Катрин действительно бросила мужа. Однажды весенним утром она чуть свет выскочила из дому. Оставила захолустную жизнь, дом на берегу Йонны и, самое главное, мужа, которого никогда не любила, а под конец возненавидела. Да, она бросила все, бросила даже двоих детей, девочку и мальчика, с бледными, похожими на маску печали личиками и огромными серыми глазами. Бежала с домашней сцены, где разыгрывалась все время одна и та же бесконечная драма и не менялись декорации: драма ее одиночества среди ненависти, скуки и тоски. Бежала от оцепенения всех чувств, от вечной спячки, от медленного умирания души и тела.
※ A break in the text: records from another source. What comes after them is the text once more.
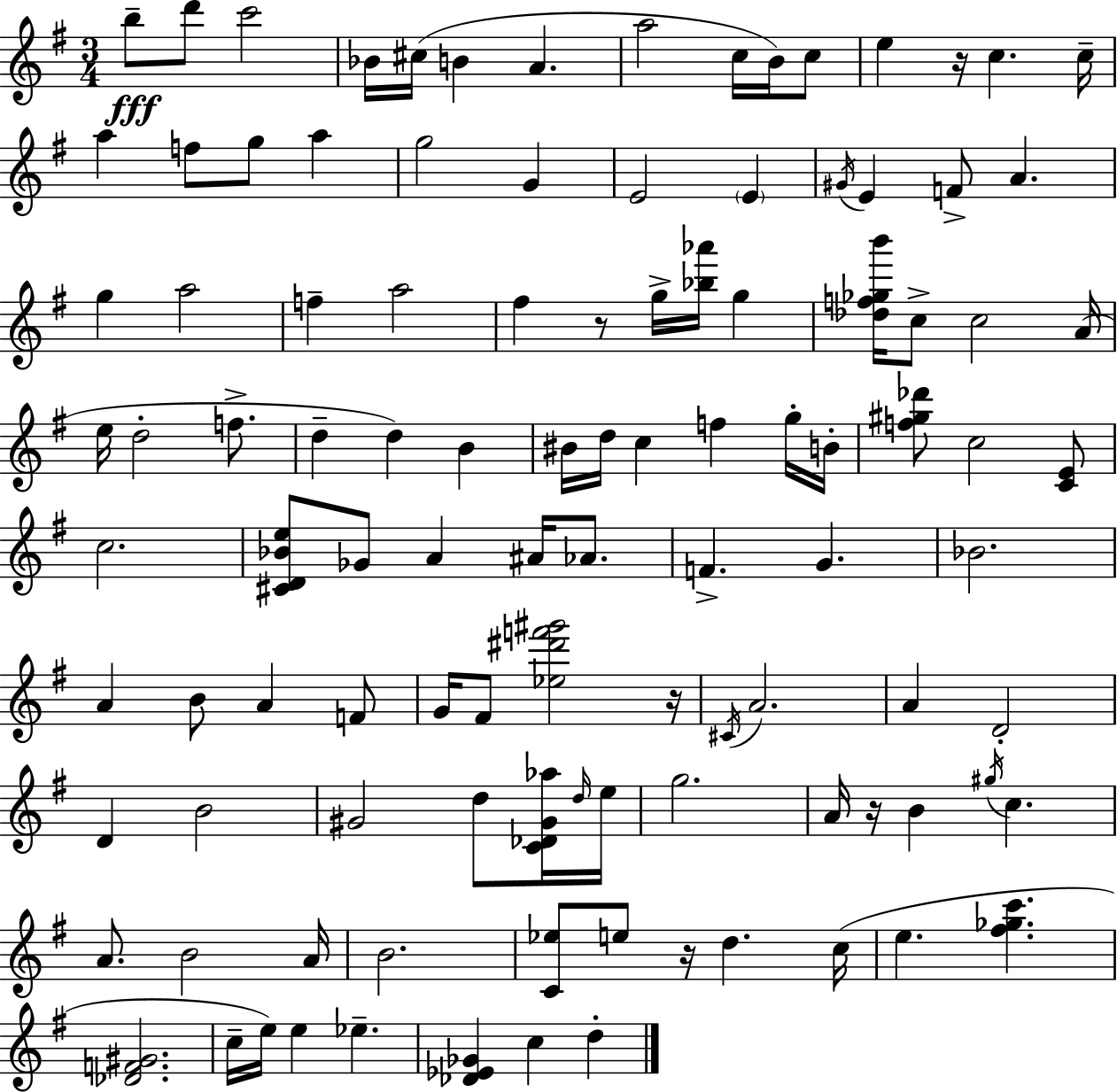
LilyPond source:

{
  \clef treble
  \numericTimeSignature
  \time 3/4
  \key g \major
  \repeat volta 2 { b''8--\fff d'''8 c'''2 | bes'16 cis''16( b'4 a'4. | a''2 c''16 b'16) c''8 | e''4 r16 c''4. c''16-- | \break a''4 f''8 g''8 a''4 | g''2 g'4 | e'2 \parenthesize e'4 | \acciaccatura { gis'16 } e'4 f'8-> a'4. | \break g''4 a''2 | f''4-- a''2 | fis''4 r8 g''16-> <bes'' aes'''>16 g''4 | <des'' f'' ges'' b'''>16 c''8-> c''2 | \break a'16( e''16 d''2-. f''8.-> | d''4-- d''4) b'4 | bis'16 d''16 c''4 f''4 g''16-. | b'16-. <f'' gis'' des'''>8 c''2 <c' e'>8 | \break c''2. | <cis' d' bes' e''>8 ges'8 a'4 ais'16 aes'8. | f'4.-> g'4. | bes'2. | \break a'4 b'8 a'4 f'8 | g'16 fis'8 <ees'' dis''' f''' gis'''>2 | r16 \acciaccatura { cis'16 } a'2. | a'4 d'2-. | \break d'4 b'2 | gis'2 d''8 | <c' des' gis' aes''>16 \grace { d''16 } e''16 g''2. | a'16 r16 b'4 \acciaccatura { gis''16 } c''4. | \break a'8. b'2 | a'16 b'2. | <c' ees''>8 e''8 r16 d''4. | c''16( e''4. <fis'' ges'' c'''>4. | \break <des' f' gis'>2. | c''16-- e''16) e''4 ees''4.-- | <des' ees' ges'>4 c''4 | d''4-. } \bar "|."
}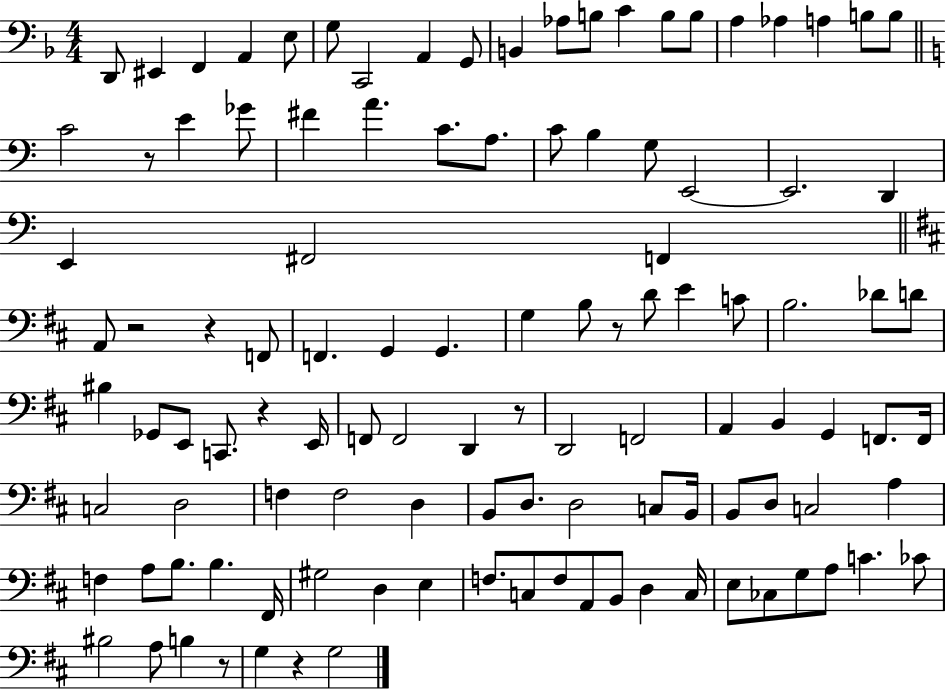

Ибо она и правда была одержима: одержима бесом желания, наслаждения, движения. Этому влечению к стремительной и свободной жизни она была обязана своей яркой, терпкой красотой.

Она бежала, чтобы поспеть к парижскому поезду, но, как ни старалась, ей это не удалось. В то утро на дороге, ведущей из Кламси к вокзалу, ее догнал муж. Они заспорили, он хотел принудить ее вернуться, она упрямилась. В конце концов Корволь потащил ее с дороги к реке. Они поскользнулись на откосе, упали в покрытые росой придорожные кусты. Встали и снова схватились, теперь уже не тратя слов на уговоры. Чем дальше, тем более зловещей становилась молчаливая схватка. Происходило все это чуть выше Кламсийской протоки, как раз в ту пору, когда по реке сплавляли лес из верховьев с Морвана. Ночи стояли теплые. Луга вдоль Йонны уже цвели, и Амбруаз Мопертюи, который должен был следить за прохождением плотов, ночевал под открытым небом на берегу. Реку загромождали грохочущие бревна. Воды почти не было видно, сплошная лавина стволов. Обезглавленные, лишенные ветвей тела дубов и буков из Сольшского леса с протяжным гулом скользили вниз по течению от деревни к деревне, до самого города, подобно огромному медлительному стаду. Берега оглашались последней песнью деревьев, их горестной жалобой.

День еще только занимался, когда Амбруаз Мопертюи внезапно проснулся. Его разбудило что-то непонятное. Какая-то странная тишина. Не на земле, не в реке, не в лесу и не на небе был ее источник. Все вроде бы оставалось как прежде: шумела листва, гудел лесосплав, но эти звуки словно оттесняла разлившаяся кругом непостижимая тишина. Напряженная, пронзительная, неумолимая. Она все нарастала, проникала под кожу Амбруаза Мопертюи, леденила, словно холодный пот. Прислушиваясь к этой тишине – ни с неба, ни с земли и ни с реки, – он встал. И вдруг увидел: на другом берегу, прямо напротив, боролись мужчина и женщина. Это от них, от их поединка, от их ненависти исходила заполнявшая розовое утро тишина. Их лиц Амбруаз Мопертюи не видел, лишь две фигуры, то обхватывающие, то отбрасывающие друг друга в каком-то грациозно-исступленном танце. Явь это или не успевшее растаять видение? Видение, выскользнувшее из царства сна, мечущееся вдоль берега и мерцающее, словно блуждающие огоньки.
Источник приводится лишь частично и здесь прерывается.